Ach so! Im Grunde ist die Kubaturberechnung ein Synonym für die Berechnung des Brutto-Rauminhalts bzw. des umbauten Raumes.

Notwendige Objektunterlagen beim Kauf einer Eigentumswohnung

Definition Fachbegriffe

  • Teilungserklärung: Wenn jede Wohnung in einem Mehrfamilienhaus einen anderen Eigentümer/eine andere Eigentümerin hat, dann muss beim Grundbuchamt eine Teilungserklärung vorliegen.
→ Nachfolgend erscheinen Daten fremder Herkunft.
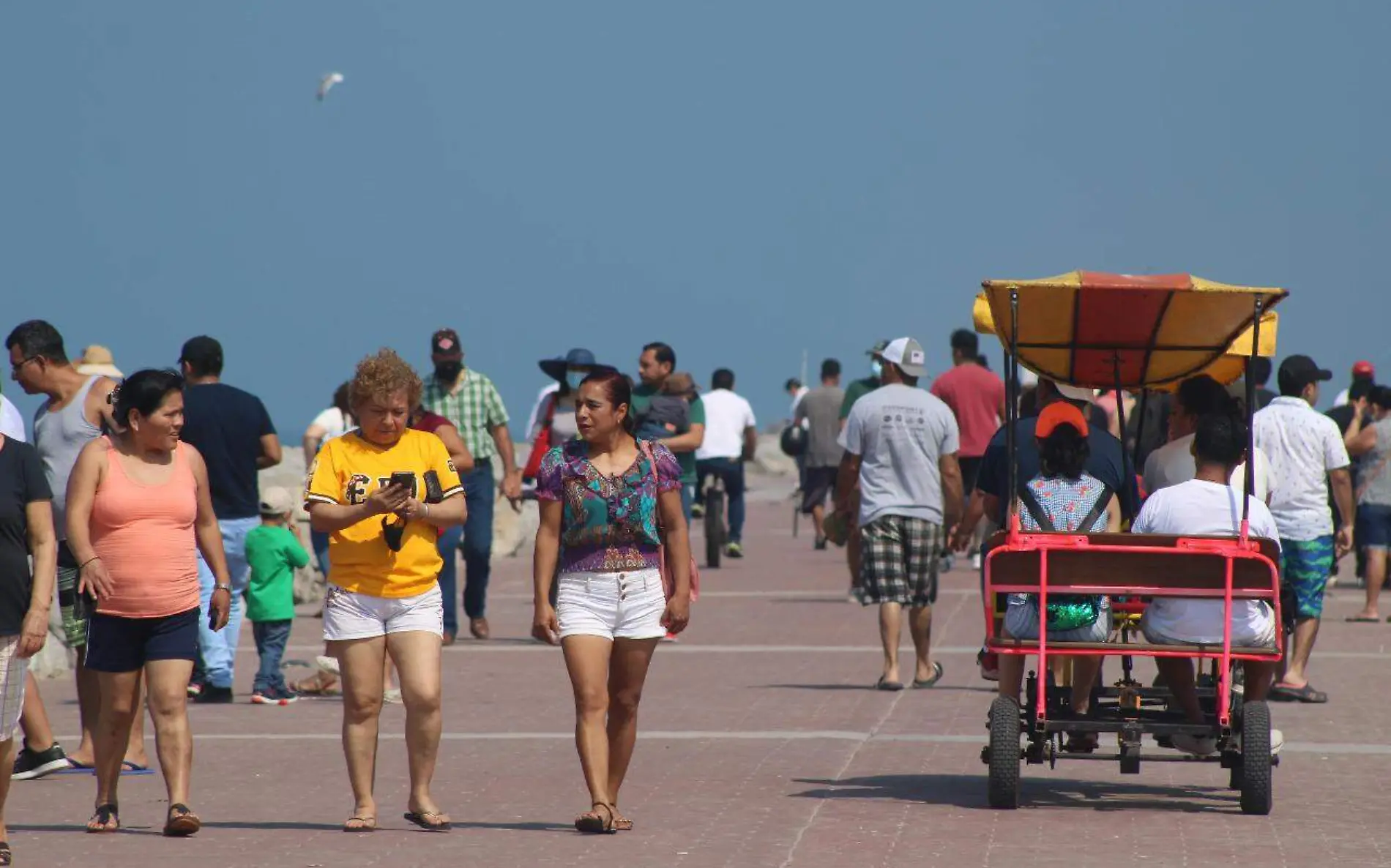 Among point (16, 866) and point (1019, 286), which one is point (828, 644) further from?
point (16, 866)

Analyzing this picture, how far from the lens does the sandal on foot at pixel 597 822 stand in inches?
318

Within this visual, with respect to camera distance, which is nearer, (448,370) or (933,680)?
(933,680)

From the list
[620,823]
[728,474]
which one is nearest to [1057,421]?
[620,823]


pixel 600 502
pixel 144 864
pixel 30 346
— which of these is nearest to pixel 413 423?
pixel 30 346

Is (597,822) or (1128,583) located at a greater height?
(1128,583)

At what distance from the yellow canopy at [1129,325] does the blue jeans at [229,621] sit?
14.1 ft

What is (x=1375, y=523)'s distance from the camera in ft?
56.2

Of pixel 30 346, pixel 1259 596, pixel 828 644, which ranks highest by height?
pixel 30 346

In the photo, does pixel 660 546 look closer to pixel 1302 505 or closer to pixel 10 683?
pixel 10 683

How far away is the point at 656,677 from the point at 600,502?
211 inches

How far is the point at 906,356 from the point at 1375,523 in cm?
559

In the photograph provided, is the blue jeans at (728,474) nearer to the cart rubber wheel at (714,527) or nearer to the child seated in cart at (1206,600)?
the cart rubber wheel at (714,527)

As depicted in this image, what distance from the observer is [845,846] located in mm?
7809

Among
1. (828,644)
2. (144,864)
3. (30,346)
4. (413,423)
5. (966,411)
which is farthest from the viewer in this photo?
(966,411) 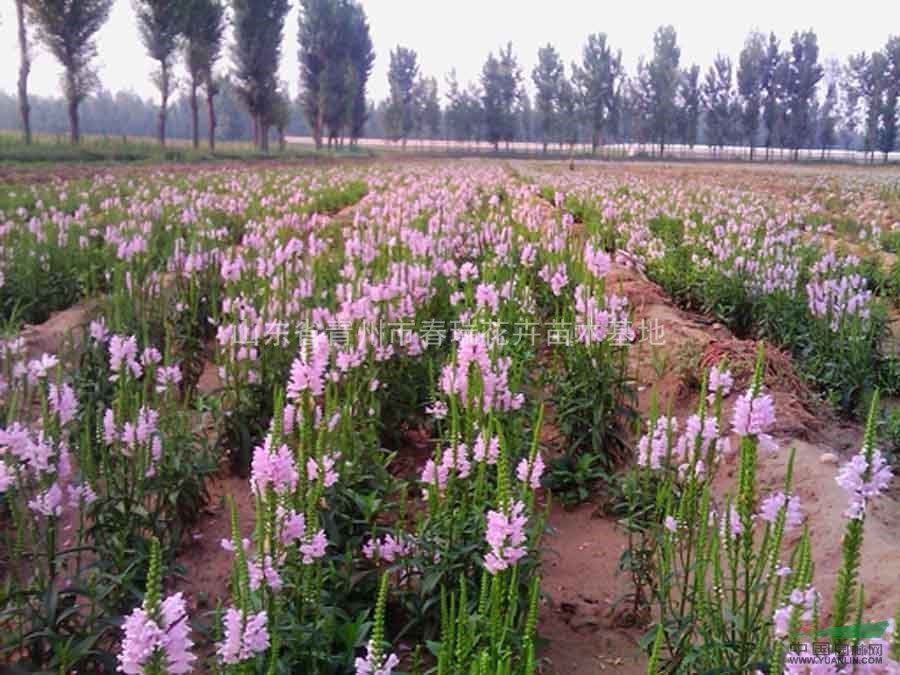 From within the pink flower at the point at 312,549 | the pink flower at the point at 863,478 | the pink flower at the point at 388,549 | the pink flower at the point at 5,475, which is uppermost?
the pink flower at the point at 863,478

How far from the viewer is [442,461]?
10.4ft

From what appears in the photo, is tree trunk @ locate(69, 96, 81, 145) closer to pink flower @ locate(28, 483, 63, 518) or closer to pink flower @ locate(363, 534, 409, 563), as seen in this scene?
pink flower @ locate(28, 483, 63, 518)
Sie regelt neben der räumlichen Aufteilung der Immobilie und den Eigentumsverhältnissen von Gemeinschafts- und Sondereigentum auch die Rechte und Pflichten der Wohnungseigentümer:innen.
  • Aufteilungsplan: Der Aufteilungsplan (auch Teilungsplan genannt) ist Bestandteil der Teilungserklärung. Dabei handelt es sich um technische Bauzeichnungen, aus denen Lage und Größe des aufzuteilenden Mehrfamilienhauses hervorgehen. Darüber hinaus wird so eindeutig festgelegt, was Gemeinschafts- und was Sondereigentum ist.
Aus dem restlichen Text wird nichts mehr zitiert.